Bila NA tak bisa membayar uang pengganti, maka wajib menjalani tambahan kurungan selama 1 tahun. Jaksa penilai, mantan Ketua PAN Sultra itu telah melanggar pasal 2 ayat 1 junto pasal 18 dan pasal 12 B. “Menuntut supaya majelis hakim yang mengadili dan memeriksa perkara ini, menyatakan terdakwa Nur Alam terbukti bersalah melakukan tindak pidana korupsi secara bersama-sama,” ujar jaksa pada KPK di depan persidangan yang dipimpin Sitti Diah.

Dalam tuntutannya itu, jaksa mengurai bagaimana Nur Alam menerbitkan izin tambang PT Anugrah Harisma Barakah di Kabaena, Bombana. Kata Jaksa Nur Alam mencari perusahaan yang bergerak di bidang pertambangan, hingga akhirnya ia dikenalkan dengan PT Anugerah Harisma Barakah, yang dokumennya kemudian diserahkan kepada Widdi Aswindi di Jakarta. Adapun Widdi Aswindi merupakan konsultan pemenangan terdakwa (Nur Alam) saat mencalonkan diri sebagai Gubernur Sulawesi Tenggara.

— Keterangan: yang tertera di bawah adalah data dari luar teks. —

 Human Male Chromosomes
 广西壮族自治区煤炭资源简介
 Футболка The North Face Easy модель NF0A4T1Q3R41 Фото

Jaksa mengatakan Nur Alam menyetujui mengeluarkan Izin Usaha Pertambangan (IUP) Eksplorasi. Hingga akhirnya, Nur Alam mengeluarkan surat izin Peningkatan IUP Eksplorasi menjadi IUP Operasi Produksi kepada PT Anugerah Harisma Barakah (AHB). Padahal belum ada persetujuan dari Kementerian ESDM terkait IUP Eksplorasi Pertambangan.

Atas perbuatannya, jaksa mengatakan Nur Alam memperkaya diri sendiri sebesar Rp 2.781.000.000 dan korporasi PT Billy Indonesia Rp 1.593.604.454.137. Jaksa juga menyebut negara mendapatkan kerugian sebesar Rp 4.325.130.590.137 atau Rp 1.593.604.454.137.

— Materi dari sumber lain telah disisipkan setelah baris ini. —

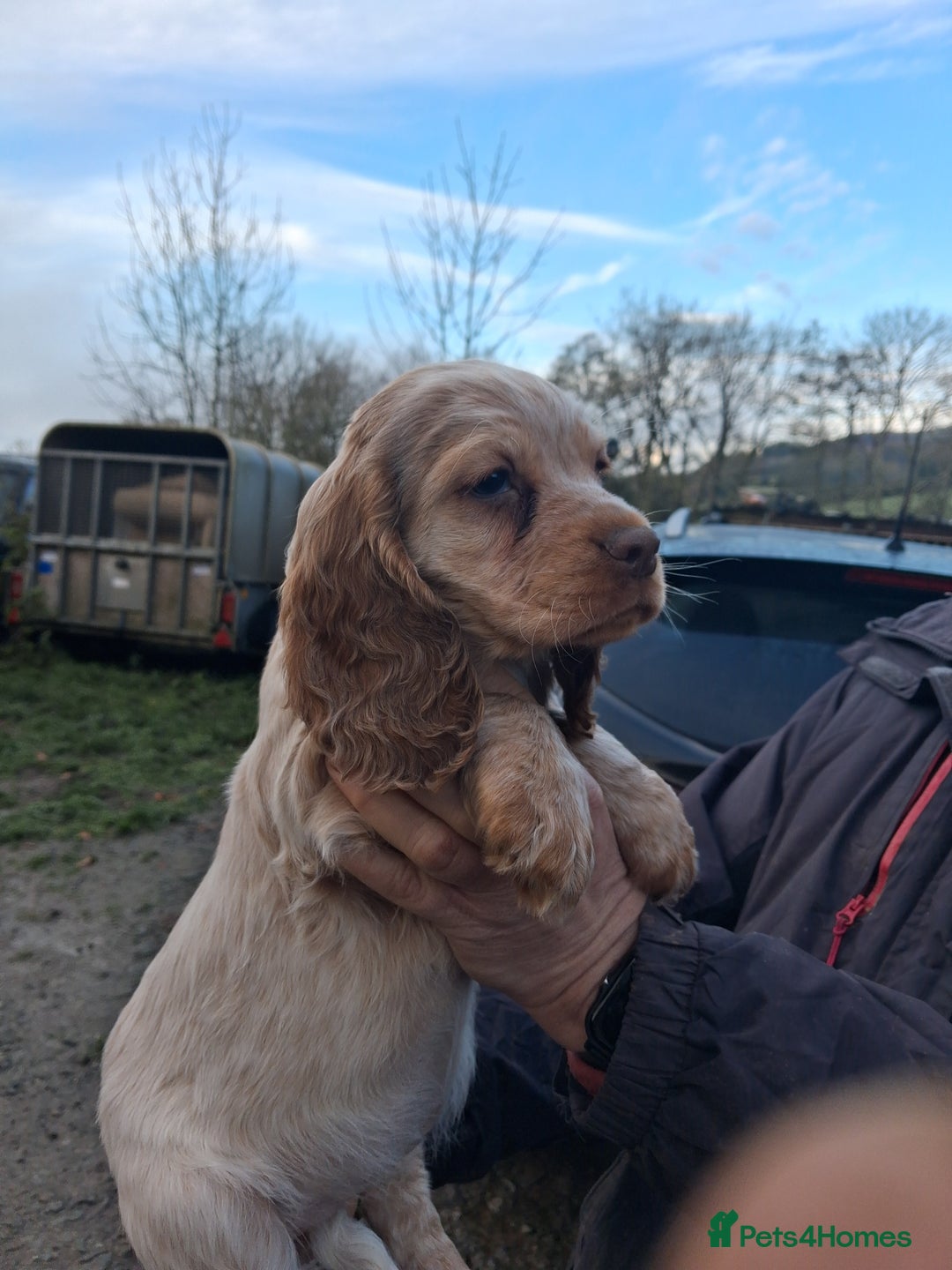 Sprocker dogs for sale: Sprocker pups for sale. - Advert 3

Selain itu, jaksa menyakini Nur Alam menerima gratifikasi Rp USD 4.499.900 atau Rp 40.268.792.850 saat menjabat Gubernur Sulawesi Tenggara dua periode. Gratifikasi yang diterima Nur Alam dari berbagai pihak.

Nur Alam menerima uang dari Richcorp International Ltd dengan tiga tahap pada bulan Oktober 2010. Awalnya Nur Alam menerima uang USD 499.965, USD 999.970 dan USD 999.965.

Dalam perkara ini, Nur Alam melanggar Pasal 2 ayat (1) jo Pasal 18 UU nomor 31 tahun tentang Pemberantasan Tindak Pidana Korupsi sebagaimana telah diubah dengan UU nomor 20 tahun 2001 tentang Perubahan atas UU nomor 31 tahun 1999 tentang Pemberantasan Tindak Pidana Korupsi jo Pasal 55 ayat (1) ke-1 KUHPidana.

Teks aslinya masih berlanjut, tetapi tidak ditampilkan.